Trinidad James’ S.A.F.E. Haven

The aesthetics of rapper Trinidad James are worthy of obsession: gold Chanel chains, velvet Versace slipppers, bikes spray-painted gold with flat tires… and puppies. Filmed in the cul-de-sacs and rundown apartments of James’ hometown of Atlanta, Georgia, his newest video, “All Gold Everything” [below], offers a proper introduction to a rapper who is rising rapidly toward fame and success. Visually, James presents a mix of high and low—hustle subverts privilege. He appropriates the goods that might typically adorn the Madison Avenue elite, but leaves the lifestyle and pretensions behind. Sonically, he is Southern hip-hop following in the grand tradition of OutKast or Goodie Mob, set to bouncing, club-ready beats: simple, yet effective.

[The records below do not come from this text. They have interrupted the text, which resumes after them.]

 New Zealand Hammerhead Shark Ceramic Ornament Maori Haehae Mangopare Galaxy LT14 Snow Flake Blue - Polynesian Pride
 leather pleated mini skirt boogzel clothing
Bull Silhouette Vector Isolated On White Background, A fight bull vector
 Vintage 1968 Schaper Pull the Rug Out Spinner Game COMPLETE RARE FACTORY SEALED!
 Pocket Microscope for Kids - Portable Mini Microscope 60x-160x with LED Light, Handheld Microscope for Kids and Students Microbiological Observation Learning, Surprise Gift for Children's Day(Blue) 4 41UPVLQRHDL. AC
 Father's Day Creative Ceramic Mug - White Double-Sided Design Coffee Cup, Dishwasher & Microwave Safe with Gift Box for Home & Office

During the CMJ music festival in October, Trinidad James made his New York debut at a showcase for one of his crucial supporters, Baller’s Eve—the East Village Radio show focused on Dirty South hip-hop. The show sold out. More impressive, is that James has cultivated his stellar live chops in the few months since releasing his first mix-tape, Don’t Be S.A.F.E. (We know you’re wondering: it means Sensitive As Fuck Everyday.) Now, James finds himself in the company of rappers like Death Grips and A$AP Rocky, who have managed to crossover from an exclusively rap audience, in part due to their strong online presence. We caught up with James before his show at Santos Party House this evening to talk about his growing success—and how you, too, can avoid being Sensitive As Fuck Everyday.

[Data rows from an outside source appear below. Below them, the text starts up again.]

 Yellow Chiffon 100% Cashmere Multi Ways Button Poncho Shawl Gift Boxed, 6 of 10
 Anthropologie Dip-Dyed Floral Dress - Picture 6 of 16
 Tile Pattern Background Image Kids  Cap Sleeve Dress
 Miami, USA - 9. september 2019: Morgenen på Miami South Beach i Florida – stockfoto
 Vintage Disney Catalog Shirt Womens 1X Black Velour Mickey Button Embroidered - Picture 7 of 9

RYANN DONNELLY: How is your reception in Atlanta right now?

TRINIDAD JAMES: Pretty good. The city’s really rockin’ with me. It’s a blessing.

DONNELLY: How long have you been playing live in Atlanta?

JAMES: Probably two and a half or three months.

DONNELLY: And how was your first show in New York?

JAMES: My first show in New York was this year during CMJ. It was pretty amazing. New York showed me love, they really did.

DONNELLY: Is your audience in New York better than your audience in Atlanta?

JAMES: Oh, no, no, no. Atlanta’s always the top staple.

DONNELLY: Since you’re still new to music, can you tell us why you started rapping? Were you inspired by any artists in particular?

JAMES: I take music really seriously. I haven’t been doing this for too long, but I’ve been loving music for a long time. It wasn’t really about other artists. I just wanted to do something more for me. I wanted to make a better life for my mom. I didn’t have any way to take care of her, and I wanted to make a better way. Music was an outlet, so I went with it, and there you go.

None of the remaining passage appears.